| Task item |
Apart from the pictures, print the data below exactly as given.

Data segment START

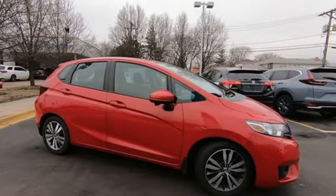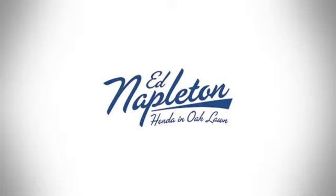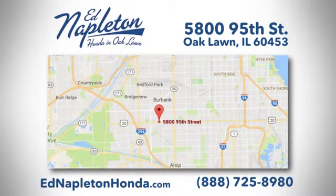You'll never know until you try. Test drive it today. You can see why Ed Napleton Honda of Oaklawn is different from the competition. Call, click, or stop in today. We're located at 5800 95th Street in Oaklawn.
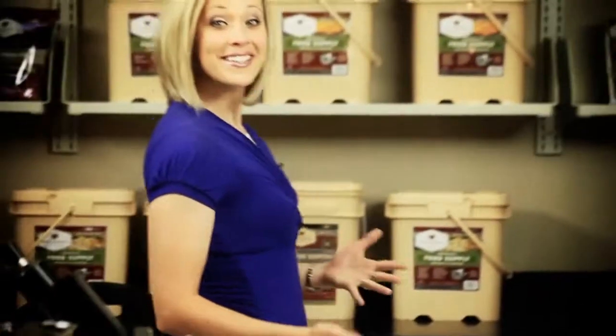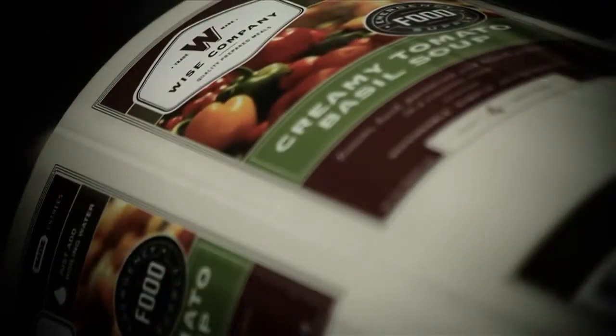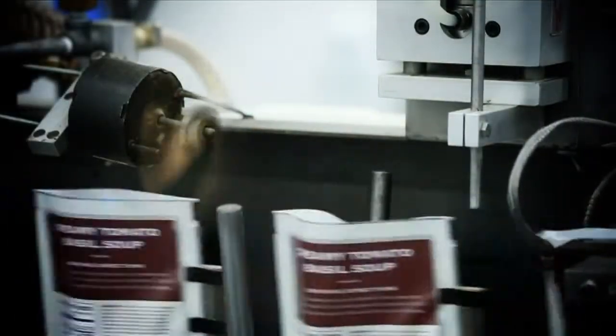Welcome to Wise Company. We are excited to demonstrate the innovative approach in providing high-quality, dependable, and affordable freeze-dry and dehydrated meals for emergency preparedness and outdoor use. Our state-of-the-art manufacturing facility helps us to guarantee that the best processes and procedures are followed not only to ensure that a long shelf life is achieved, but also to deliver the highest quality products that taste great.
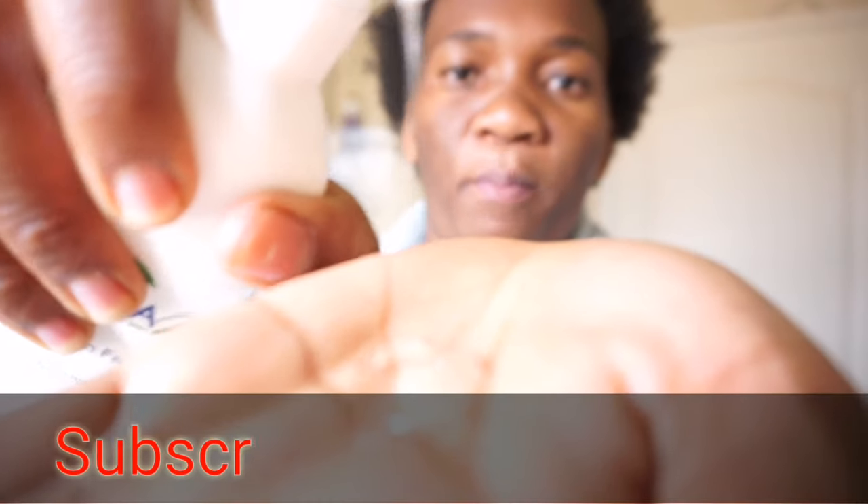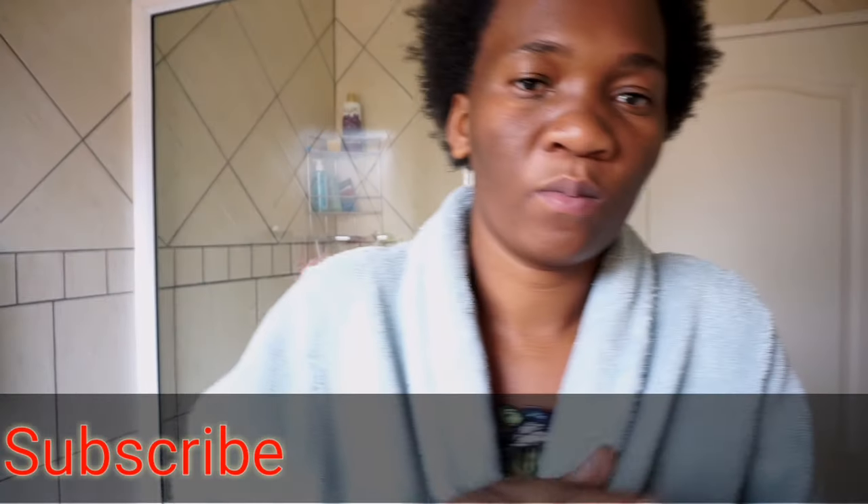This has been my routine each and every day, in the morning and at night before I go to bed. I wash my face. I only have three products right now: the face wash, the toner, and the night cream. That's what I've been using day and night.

Data segment END

| Written reply |
You'll never know until you try. Test drive it today. You can see why Ed Napleton Honda of Oaklawn is different from the competition. Call, click, or stop in today. We're located at 5800 95th Street in Oaklawn.
Welcome to Wise Company. We are excited to demonstrate the innovative approach in providing high-quality, dependable, and affordable freeze-dry and dehydrated meals for emergency preparedness and outdoor use. Our state-of-the-art manufacturing facility helps us to guarantee that the best processes and procedures are followed not only to ensure that a long shelf life is achieved, but also to deliver the highest quality products that taste great.
This has been my routine each and every day, in the morning and at night before I go to bed. I wash my face. I only have three products right now: the face wash, the toner, and the night cream. That's what I've been using day and night.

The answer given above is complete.